The English artist BANKSY substantially contributed to Street Art becoming a profitable new segment of the art market. After the neck-breaking acceleration of his prices and his million-plus results in 2008 (including a record of $1.7m [$1.87m incl. fees] at Sotheby’s New York for Keep it spotless), Banksy suffered a sharp correction with some works selling for half or even a third of their acquisition prices. However, better-than-expected results during 2014 suggest that Banksy may be returning to the forefront of the London art market. Of these, the best results have been generated by sculptures: on February 10, 2014, Philips sold his Happy Shopper (a smart women carrying smart shopping bags on a pedestal) for the equivalent of $689,000 ($831,000 including fees), twice its pre-sale estimate. Philips also managed to sell his Submerged Phone Boot (a half-buried telephone booth) for nearly a million dollars ($960,000 and $1.1m incl. fees) on October 15, 2014. Bansky’s irreverent contrasts still appeal to major collectors, although the latter are clearly more selective than in the past and refuse to overpay. This is reflected in his US unsold rate which has evolved from 25% in the very bullish 2005-2008 period to 34% over the years 2009-2014. Signs of his recovery have continued this year with a spray painting entitled Smiley Copper (an armed policeman with a smiley face) fetching four times the amount it was acquired for in 2009. Smiley Copper sold for the equivalent of $67,000 on February 12, 2015 at Bonham’s in London. Auctioneers have clearly decided to re-inflate Bansky’s market with a policy of attractive and affordable prices.

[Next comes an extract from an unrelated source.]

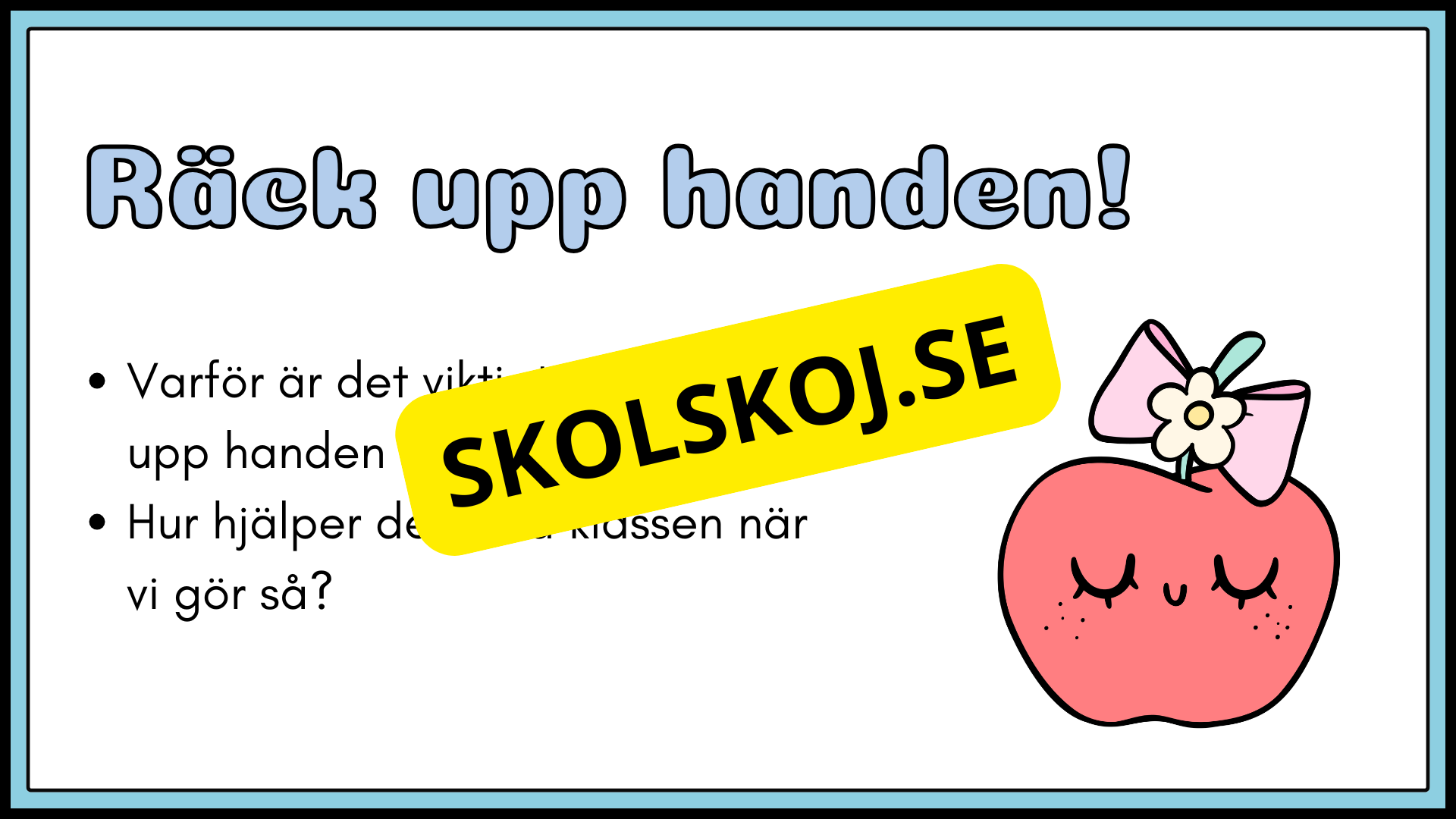 Klassrumsregler - Häfte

Damien Hirst is dragging his feet…

In 2008, Damien HIRST’s auction total was higher than Claude Monet’s and Alberto Giacometti’s! Hirst was the most media-exposed artist at the time and probably subject to the most intense speculative buying with no less that sixty-five million-plus results, generating 230 million dollars in annual auction turnover… On September 15 and 16 of that year – taking full advantage of his flair for business – Hirst short-circuited the market by selling his works directly to the public (and collectors) in a private solo auction at Sotheby’s entitled Beautiful inside my head forever. The sale generated a new record for the artist when his Golden Calf (in formalin) fetched £9.2m ($17.1m).
Between 2008 and 2014, Damien Hirst’s annual auction total fell from $230m to $18.8m, relegating the artist from 4th place to 108th place in Artprice’s global ranking. Art critics and collectors started to doubt, and some of Hirst’s works failed to sell despite estimates below the prices he commanded in the early 2000s (an accumulation of cigarette ends under glass remained unsold November last despite a low estimate of $500,000. In 2005 it would have fetched $570,000). Four of his works generated 7-figure results in 2014… but that’s not many compared to the incredible results of six years earlier. Although Damien Hirst’s market seems to have gone cold, he has been pursuing his mission of self-promotion and is currently preparing the opening of a personal gallery in the London Borough of Lambeth where he will install his own collection of artworks. This includes works he has created and works acquired in recent years by artists like Jeff Koons, Sarah Lucas, Tracey Emin… but also Pablo Picasso and Francis Bacon.

Meanwhile, the market for other British Contemporary artists has remained remarkably buoyant with a flurry of new records in 2014. Of these, the most impressive was the $3.7 million paid for Tracey Emin’s installation My Bed (1998) against a high estimate of $2m at Christie’s in London (July 2014). With fees, My Bed cost its new owner $4.3m, a stunning new record (her previous record was below 1 million) for this artist who appears to have a special relationship with the British art scene. But the installation wasn’t just any installation; it was the one controversially exhibited by the Tate Gallery in 1999 when the artist was short-listed for the Turner prize.

Speaking of women artists, the Brits Cecily Brown (backed by the Gagosian) and Bridget Riley (backed by David Zwirner) are among the world’s most expensive female artists.